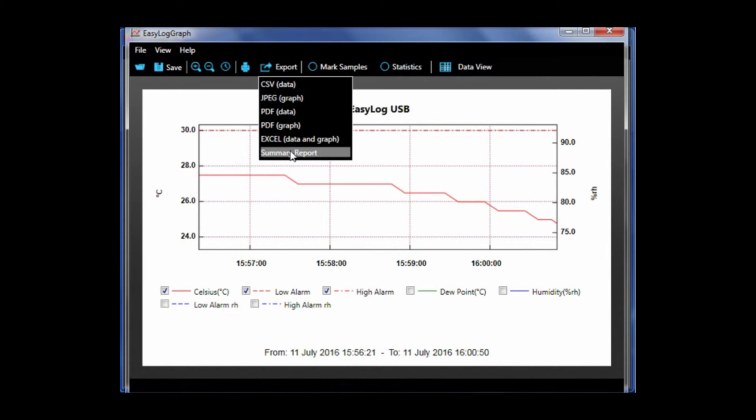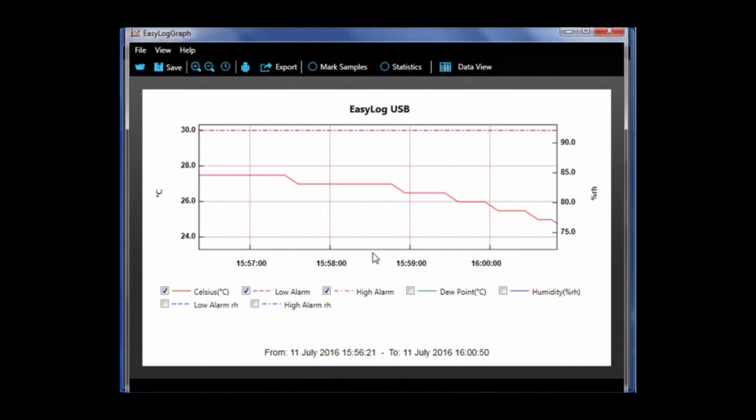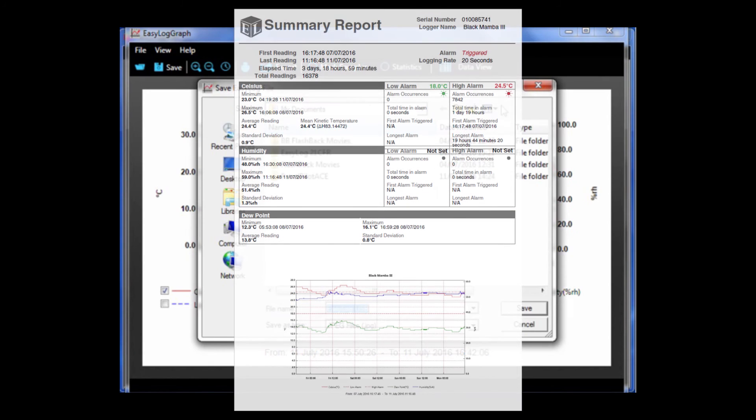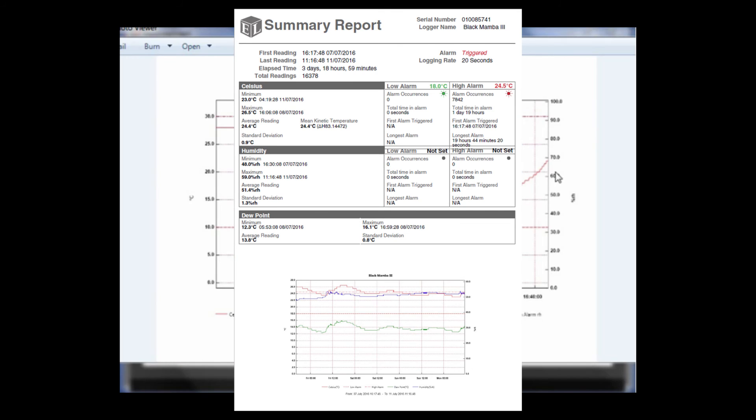The last export item is a summary report. A PDF based overview of the logging session in a non-editable format showing the average statistics for the entire logging session including alarm occurrences.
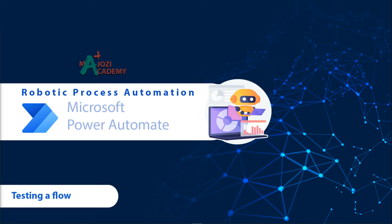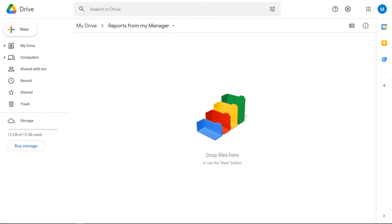Welcome back to the course in Robotic Process Automation. I thought I'd do the testing with you just to make sure that you are comfortable with the process. Let me show both the screens for the Google Drive folder and Power Automate.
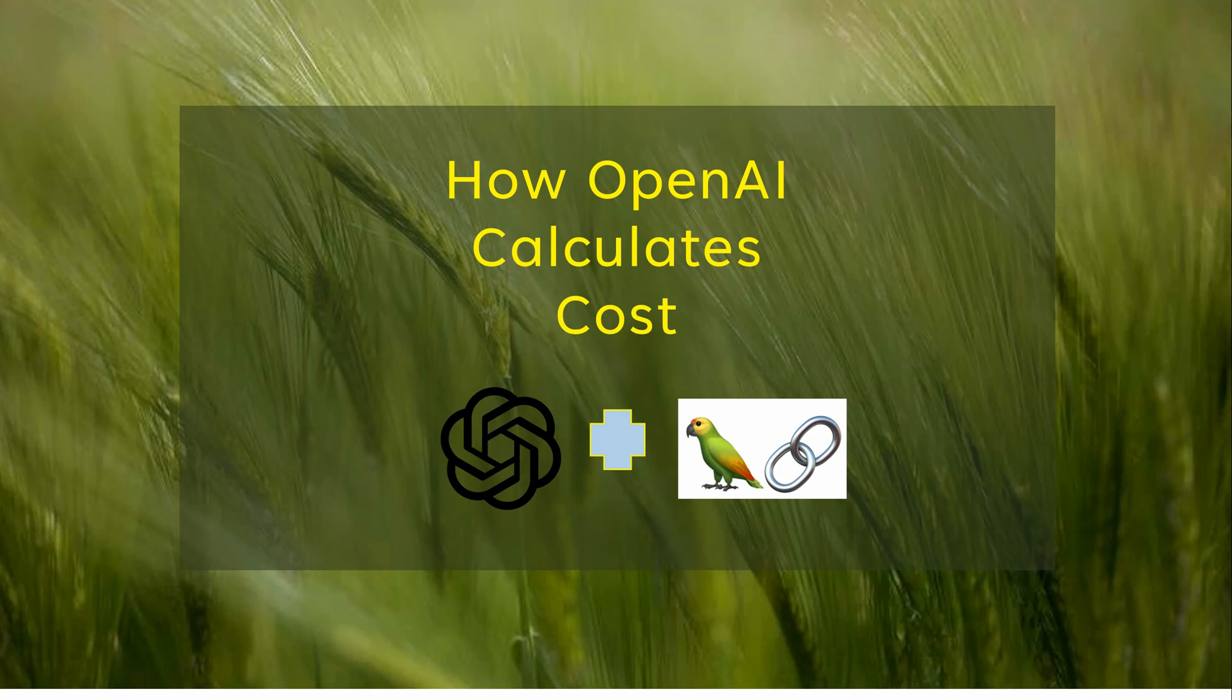In this video, I will show you how you can calculate the cost when you are using OpenAI models.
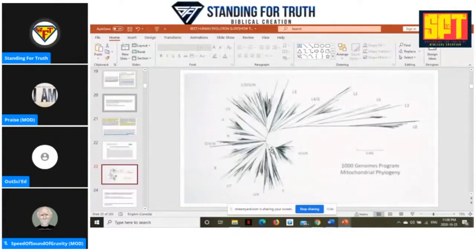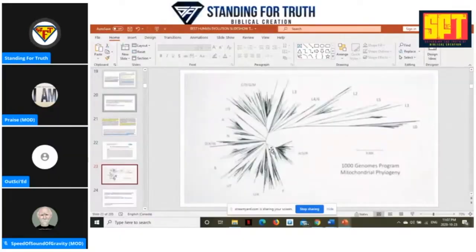Why is there so few mutations on this phylogenetic tree? I'm not going to fall for that one. Why is there such low variation in mitochondrial DNA? Low genetic diversity in humans. Why am I not going to fall for this trap?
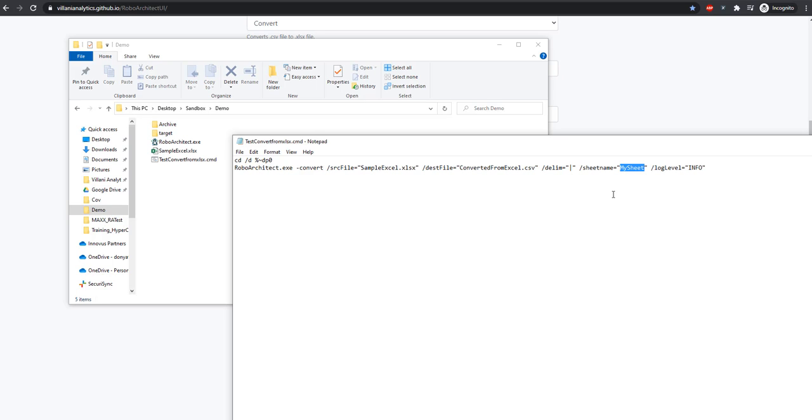As we go from Excel, which can support multiple worksheets, to a simple flat file, we don't have support for worksheets, so we have to convert just one sheet. We're telling RoboArchitect that the sheet we want to pull is called MySheet.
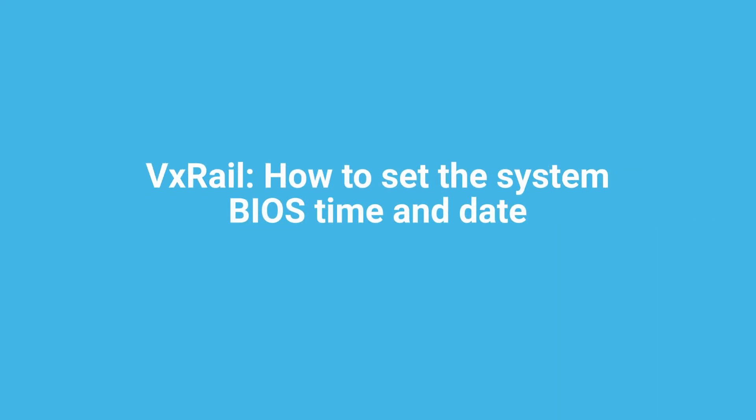Hi there. In this video, we'll show you how to set up the time and date in the System Setup BIOS.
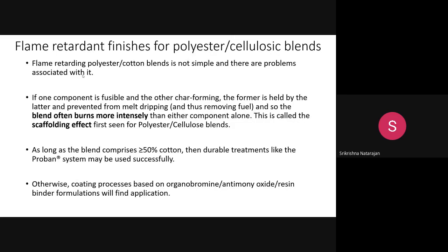Now we discuss flame retardant finish for polyester-cellulosic blends. Previously we discussed only cotton, viscose rayon, or polyester individually. But in practical garment applications, we rarely use polyester alone or cotton alone — normally we use a blend, whether polyester-wool, polyester-viscose, or polyester-cotton. Imparting flame retardancy to polyester-cellulosic blend is not easy.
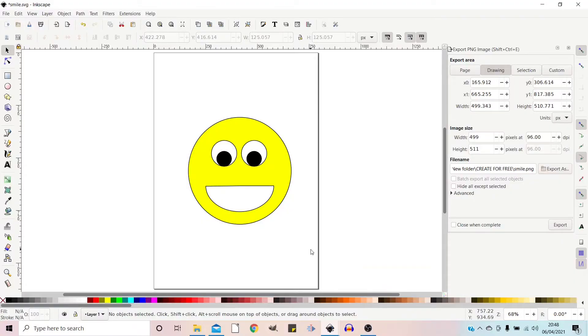Hello and welcome back to another video on Inkscape. This is just going to be a short video to explain how you can set your resolution of an exported image when you're working in pixels.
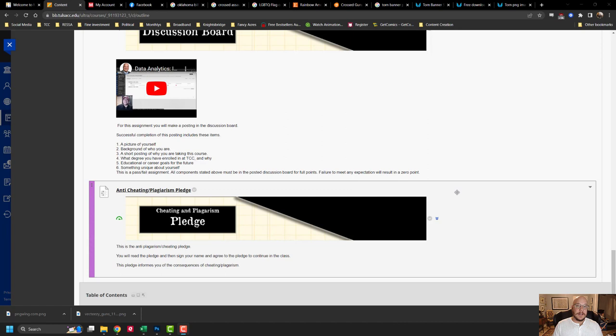Failure to do the pledge doesn't mean you reject it and you're allowed to cheat. You still have to do it. If you don't do it, you just don't get the points, but you're still held to the same standards. So make sure you go in there and get those points, sign your name to it, call it done.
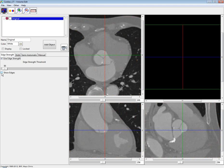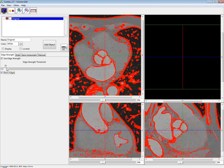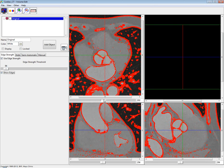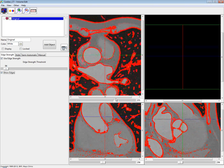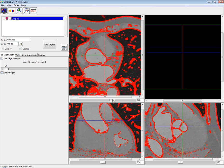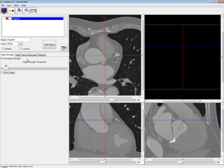You can also check the show edges option, which will show you the edges continually. This is useful because you can now move through your slices and review the edges to make sure your settings are set appropriately. Once you've selected your edge threshold, you just uncheck show edges and move on to your walls tab, where we'll see the next new feature.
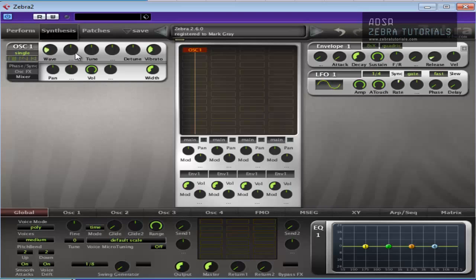That's really our oscillator settings done. We're going to use some modulation for the wave in a minute. We'll probably use an MSEG for that, or maybe not. We might not even need it. We might use the LFO. We'll see what happens.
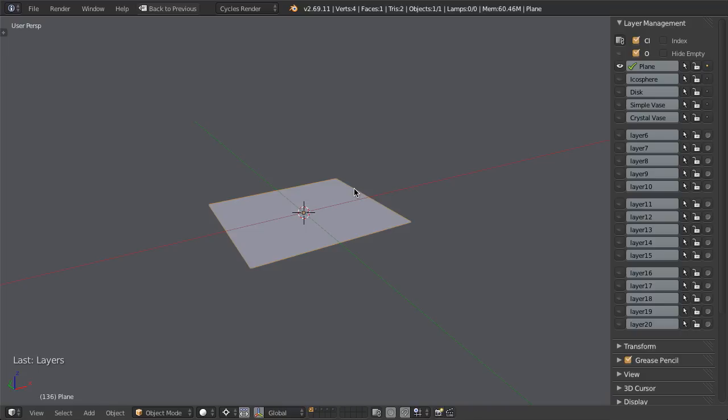The poke tool is a pretty simple little tool in Blender that basically allows us to insert a vertex into the center of any selected face. This is pretty simple, it's not something you're going to use very often, but when you do need it, it's pretty sweet.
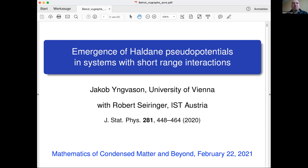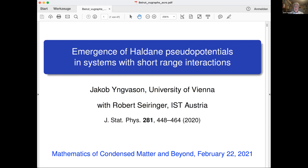Just a quick introduction to Jakob. I'm very pleased to introduce him as the first speaker of this morning session. He's going to speak about the emergence of Haldane pseudopotentials in systems with short-range interactions. So Jakob, please, you can start. Thank you very much Michele. I want to talk about the joint work with Robert Seiringer from the IST, close to Vienna. This paper appeared last year in the Journal of Statistical Physics.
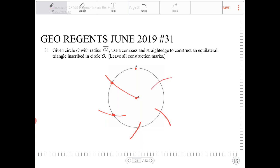What you will end up with is a hexagon. However, we're not looking for a hexagon — we're looking for an equilateral triangle. So what are we to do? To inscribe an equilateral triangle, it doesn't really say to have the vertex placed in any particular location.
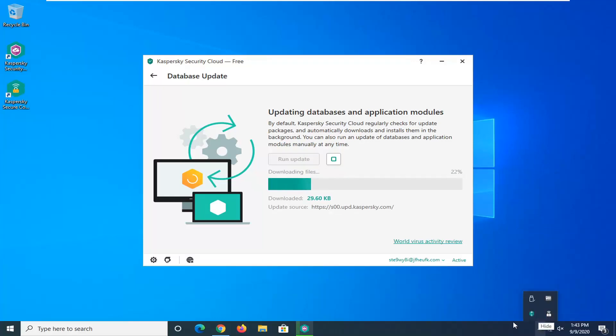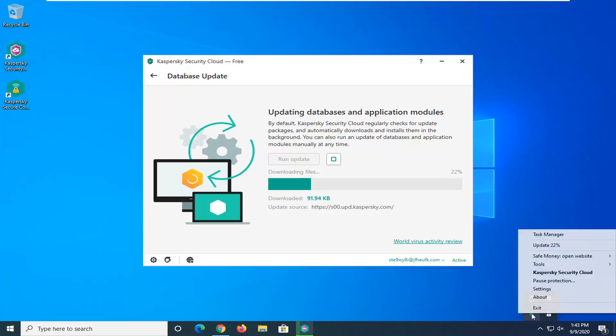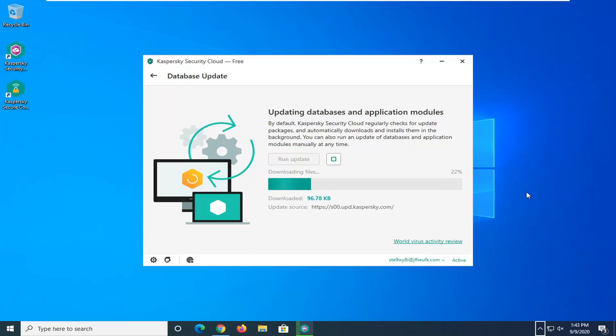Alternatively you can also initiate this by just right-clicking on the system taskbar icon and select update. So it gives you guys a couple different options there.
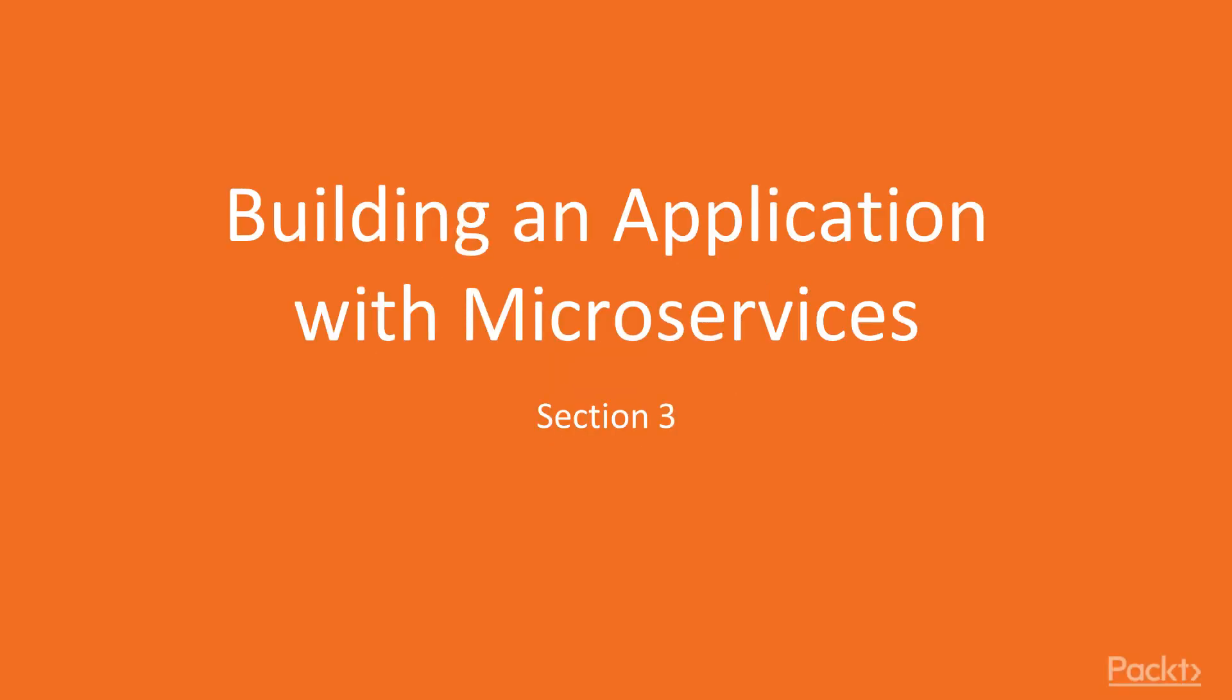Welcome to the third section of the course. In the previous section, we got familiar with different kinds of Java Microservice frameworks and took a look at why we picked the frameworks we picked for the course. We then began setting up our development environment and created our first microservice, Customers, using Payara Micro. We got familiar with JAX-RS and CDI and implemented a microservice that will manage our application's customers.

__DIRECTIONS FOR THIS TASK__: Beginning with the line that contains "Alternatively you can", reproduce every line through the end of the records above exactly, leaving pictures out.

__RESPONSE FOR THIS EXERCISE__:
Alternatively you can also initiate this by just right-clicking on the system taskbar icon and select update. So it gives you guys a couple different options there.
Welcome to the third section of the course. In the previous section, we got familiar with different kinds of Java Microservice frameworks and took a look at why we picked the frameworks we picked for the course. We then began setting up our development environment and created our first microservice, Customers, using Payara Micro. We got familiar with JAX-RS and CDI and implemented a microservice that will manage our application's customers.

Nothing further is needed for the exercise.